Rappaport’s works rarely begin with a preconceived plan. They emerge instead through material experimentation: impulsive markings, fragments from the studio, and unstructured drawing produced between other projects. As the artist notes, there is often not even a clear intention to make a painting. An initial gesture, accidental, spontaneous, offhand, determines the work’s direction.
Some paintings resolve themselves quickly; others take months or years to settle. What matters is not a predetermined outcome, but allowing the work to arrive at its own form, without obligation or fixed meaning. Whether one painting resembles another is of little concern; each follows its own internal logic.

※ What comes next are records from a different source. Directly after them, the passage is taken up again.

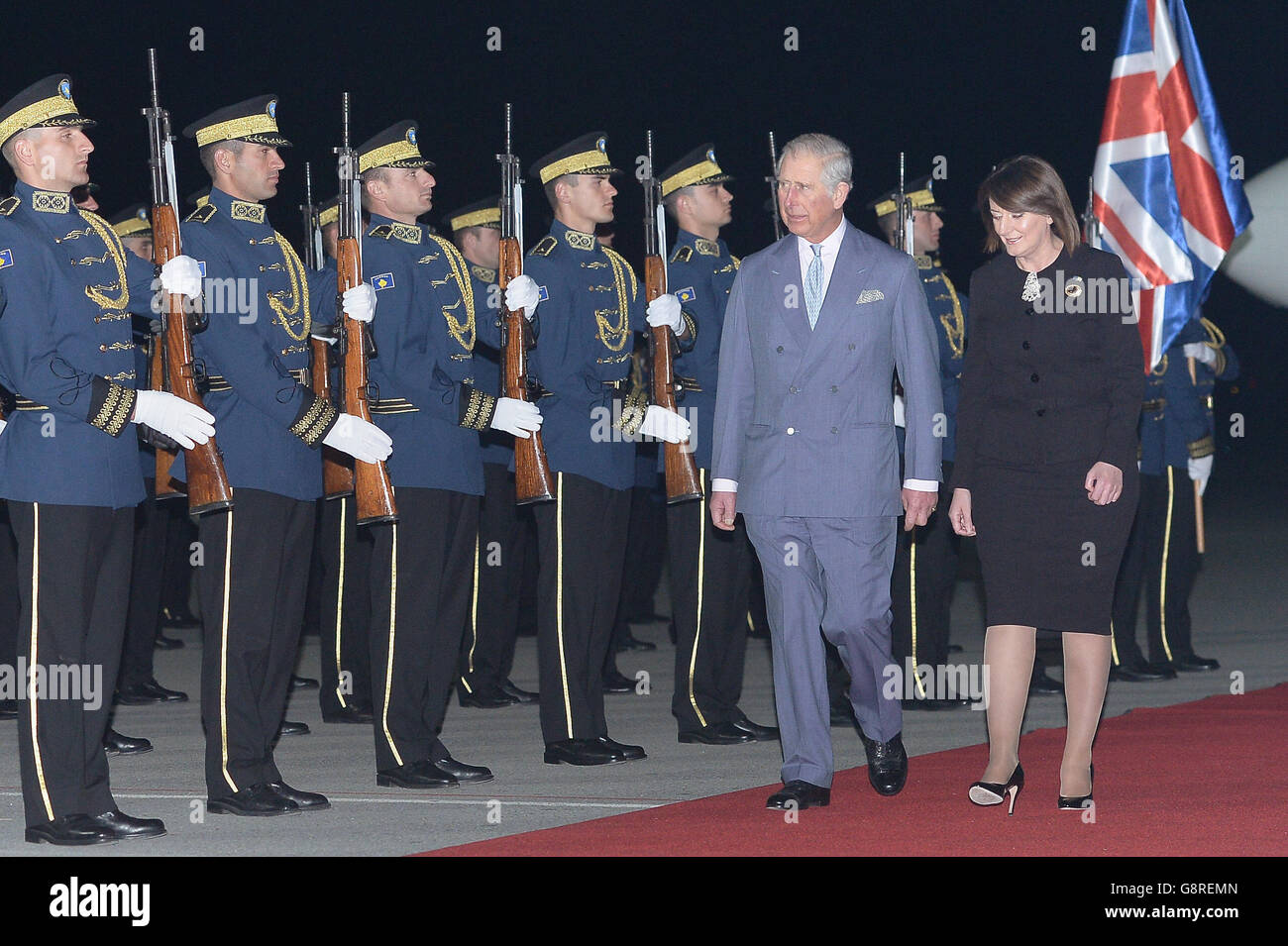 The Prince of Wales arrives at Adem Jashari Airport in Pristina, Kosovo and walks past a guard of honour with the President of Kosovo, Atifete Jahjaga, on the fifth day of his and the Duchess of Cornwall's four country six day tour to the Balkans. Stock Photo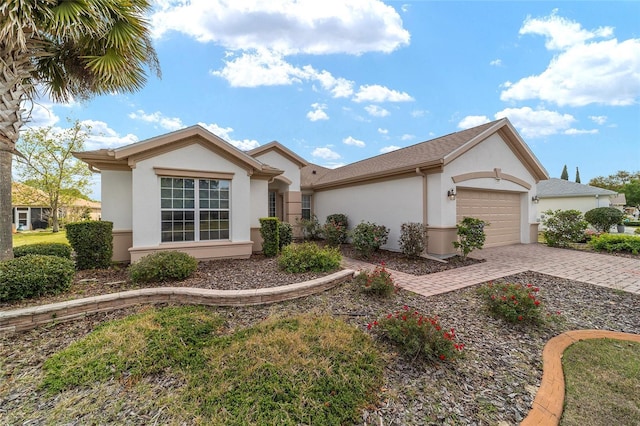 ranch-style house featuring stucco siding, a garage, and decorative driveway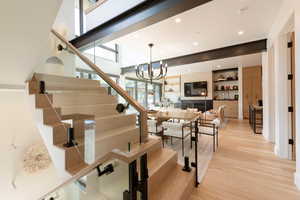 Stairway featuring recessed lighting, a chandelier, and wood finished floors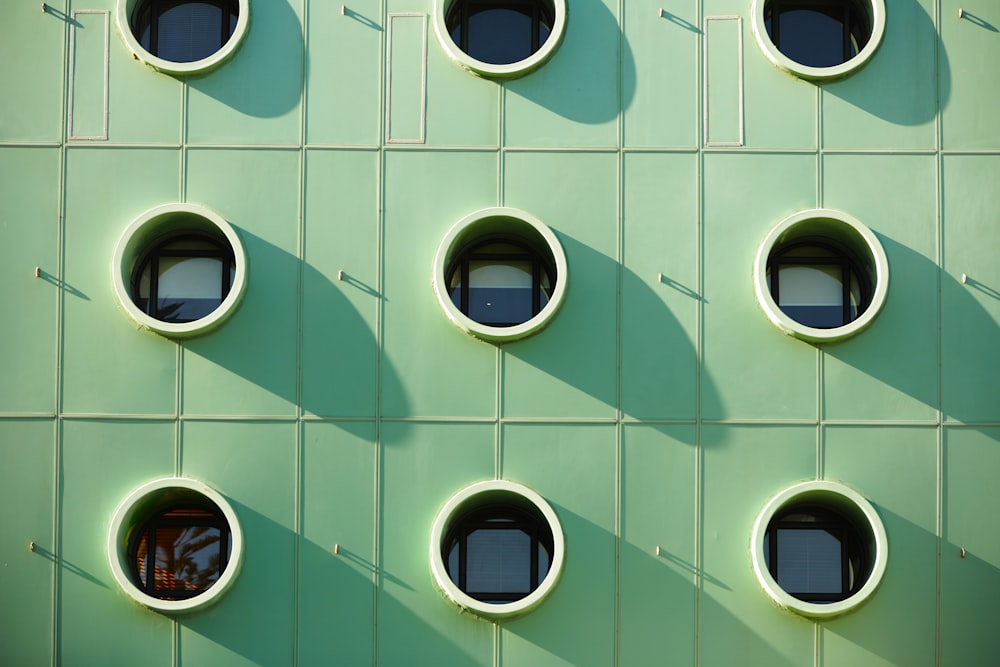 a green building with round windows and round windows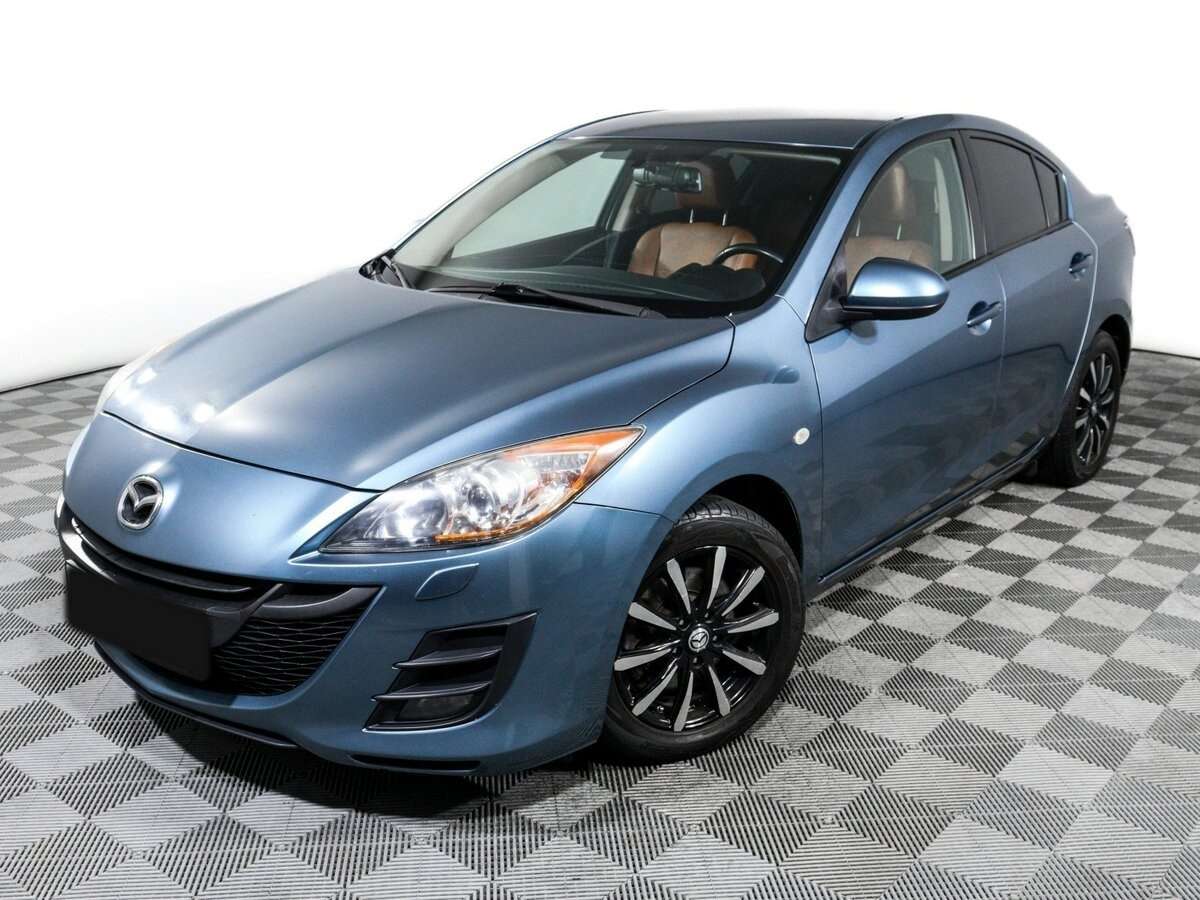 Mazda 3 с пробегом — 2011 год. Фото: #14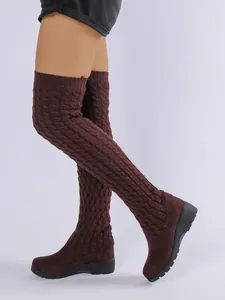 Primer plano de la textura de punto trenzado y la suela de cuña de estas botas altas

This openness gives the works a curious relationship to time. They resist easy placement within a specific canon or historical moment, appearing at once aged and remarkably fresh. The playful use of color in the central field, open, ambiguous, and outward-facing, gives each work a distinct character, while an underlying sensibility binds them together as a group.
In an earlier context, Matthew Higgs described Rappaport’s works as ‘discrete yet related’, a phrase that resonates here, capturing both the singularity of each piece and their quiet kinship.

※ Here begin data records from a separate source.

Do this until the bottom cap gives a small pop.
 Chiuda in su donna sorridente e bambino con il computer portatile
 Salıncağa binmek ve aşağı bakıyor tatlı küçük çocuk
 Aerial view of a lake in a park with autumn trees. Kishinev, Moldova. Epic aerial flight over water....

Contrast serves as a central principle throughout the series. Color, material, form, and composition continually shift between opposites rather than resolving them. Bright passages meet muted tones; hard edges dissolve into softer expanses; deliberate marks sit beside accidental residue. This dynamic is especially evident in the relationship between painting and frame. While the paintings themselves resist fixed obligation, the frames assume a supporting role: they enclose, stabilise, and amplify what unfolds at the centre.
At once sculptural and graphic, the frames remain understated yet unmistakably present. They function as containers that allow the paintings to assert themselves while retaining an autonomy of their own. In the artist’s view, they sometimes resemble self-contained paintings: spatial and material echoes of what they surround. The frame monumentalises without dominating; it anchors without imposing, extending the work outward as a quiet counterbalance to the impulsive interior.

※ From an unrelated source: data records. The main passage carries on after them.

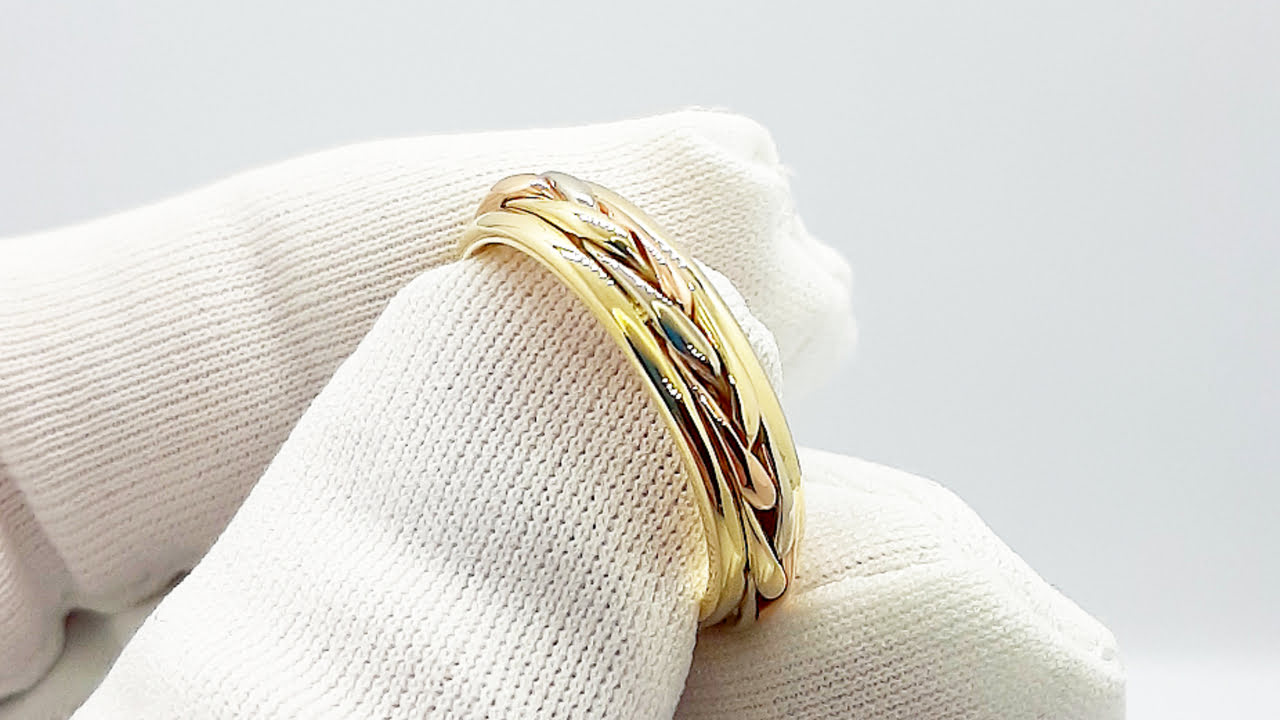 Обручальное кольцо косичка из трех видов золота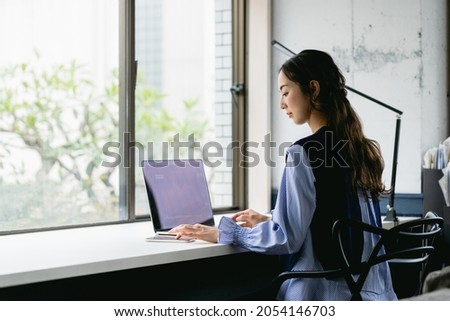 Working woman (home and telework office) Royalty-Free Stock Photo #2054146703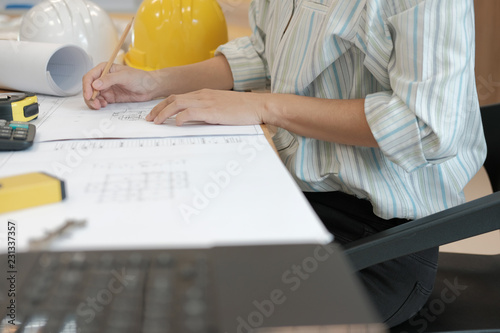 architect engineer working on house blueprint of real estate project at workplace. building construction concept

This relationship between centre and edge gives the exhibition its understated structural coherence. The paintings remain open-ended; the frames provide structure. Each pairing operates as a small economy in which improvisation and structure hold one another in balance. The often-noted idiosyncrasy of Rappaport’s practice emerges here not as eccentricity, but as the natural consequence of a process that resists predetermination.
Painting by painting, TEN unfolds as a meditation on containment and revelation, impulse and care, singularity and cohesion. Each work inhabits its own temporality, yet together they form a shared space. It is within this tension between the individual gesture and the collective framework that the exhibition finds its coherence.
The title functions less as a count than as an anchor, suggesting both the completion of a cycle and the beginning of another. Rappaport’s exhibition rewards sustained looking rather than being deciphered, and offers the viewer precisely what an exhibition at its best affords: an open field in which the act of looking itself rediscovers its openness and repose.
Noam Rappaport lives and works in Grass Valley, California, USA.